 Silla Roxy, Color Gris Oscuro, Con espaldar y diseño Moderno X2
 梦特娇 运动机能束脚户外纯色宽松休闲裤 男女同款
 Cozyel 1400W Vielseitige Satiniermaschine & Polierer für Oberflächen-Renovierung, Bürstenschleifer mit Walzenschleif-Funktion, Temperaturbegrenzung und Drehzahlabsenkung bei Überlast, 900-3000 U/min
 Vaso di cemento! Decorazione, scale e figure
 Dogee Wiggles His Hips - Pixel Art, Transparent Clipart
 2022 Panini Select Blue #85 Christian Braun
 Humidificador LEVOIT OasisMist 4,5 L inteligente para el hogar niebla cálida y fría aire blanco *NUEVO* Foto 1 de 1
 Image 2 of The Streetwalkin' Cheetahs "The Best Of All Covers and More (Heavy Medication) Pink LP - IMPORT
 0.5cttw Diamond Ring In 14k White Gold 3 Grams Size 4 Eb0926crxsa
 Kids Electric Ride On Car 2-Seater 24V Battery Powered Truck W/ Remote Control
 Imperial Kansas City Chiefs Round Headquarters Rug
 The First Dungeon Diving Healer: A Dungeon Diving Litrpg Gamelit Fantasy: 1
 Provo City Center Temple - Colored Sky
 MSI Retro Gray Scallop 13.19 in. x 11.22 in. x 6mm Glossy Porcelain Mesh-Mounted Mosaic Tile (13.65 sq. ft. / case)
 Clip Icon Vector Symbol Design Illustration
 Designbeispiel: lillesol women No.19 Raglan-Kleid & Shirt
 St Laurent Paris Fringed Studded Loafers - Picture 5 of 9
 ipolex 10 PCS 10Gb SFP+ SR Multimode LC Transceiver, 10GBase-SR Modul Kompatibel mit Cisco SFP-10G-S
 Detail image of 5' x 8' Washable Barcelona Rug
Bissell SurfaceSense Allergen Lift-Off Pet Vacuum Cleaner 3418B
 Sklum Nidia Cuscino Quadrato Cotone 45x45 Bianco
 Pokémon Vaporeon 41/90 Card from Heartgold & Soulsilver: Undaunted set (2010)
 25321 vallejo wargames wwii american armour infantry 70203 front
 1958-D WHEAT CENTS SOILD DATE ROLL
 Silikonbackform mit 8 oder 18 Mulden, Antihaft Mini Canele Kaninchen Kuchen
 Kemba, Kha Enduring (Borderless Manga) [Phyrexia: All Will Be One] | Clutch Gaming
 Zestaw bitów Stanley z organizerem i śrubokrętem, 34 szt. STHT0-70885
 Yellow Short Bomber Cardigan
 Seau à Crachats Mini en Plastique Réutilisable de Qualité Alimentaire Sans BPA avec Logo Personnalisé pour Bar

::::::

■ **TASK GOAL**: Nothing but the lines from the one with "0.5cttw Diamond Ring" through the end of the data above should be reproduced, each exactly, both ends included.

■ **EXPECTED OUTPUT**:
 0.5cttw Diamond Ring In 14k White Gold 3 Grams Size 4 Eb0926crxsa
 Kids Electric Ride On Car 2-Seater 24V Battery Powered Truck W/ Remote Control
 Imperial Kansas City Chiefs Round Headquarters Rug
 The First Dungeon Diving Healer: A Dungeon Diving Litrpg Gamelit Fantasy: 1
 Provo City Center Temple - Colored Sky
 MSI Retro Gray Scallop 13.19 in. x 11.22 in. x 6mm Glossy Porcelain Mesh-Mounted Mosaic Tile (13.65 sq. ft. / case)
 Clip Icon Vector Symbol Design Illustration
 Designbeispiel: lillesol women No.19 Raglan-Kleid & Shirt
 St Laurent Paris Fringed Studded Loafers - Picture 5 of 9
 ipolex 10 PCS 10Gb SFP+ SR Multimode LC Transceiver, 10GBase-SR Modul Kompatibel mit Cisco SFP-10G-S
 Detail image of 5' x 8' Washable Barcelona Rug
Bissell SurfaceSense Allergen Lift-Off Pet Vacuum Cleaner 3418B
 Sklum Nidia Cuscino Quadrato Cotone 45x45 Bianco
 Pokémon Vaporeon 41/90 Card from Heartgold & Soulsilver: Undaunted set (2010)
 25321 vallejo wargames wwii american armour infantry 70203 front
 1958-D WHEAT CENTS SOILD DATE ROLL
 Silikonbackform mit 8 oder 18 Mulden, Antihaft Mini Canele Kaninchen Kuchen
 Kemba, Kha Enduring (Borderless Manga) [Phyrexia: All Will Be One] | Clutch Gaming
 Zestaw bitów Stanley z organizerem i śrubokrętem, 34 szt. STHT0-70885
 Yellow Short Bomber Cardigan
 Seau à Crachats Mini en Plastique Réutilisable de Qualité Alimentaire Sans BPA avec Logo Personnalisé pour Bar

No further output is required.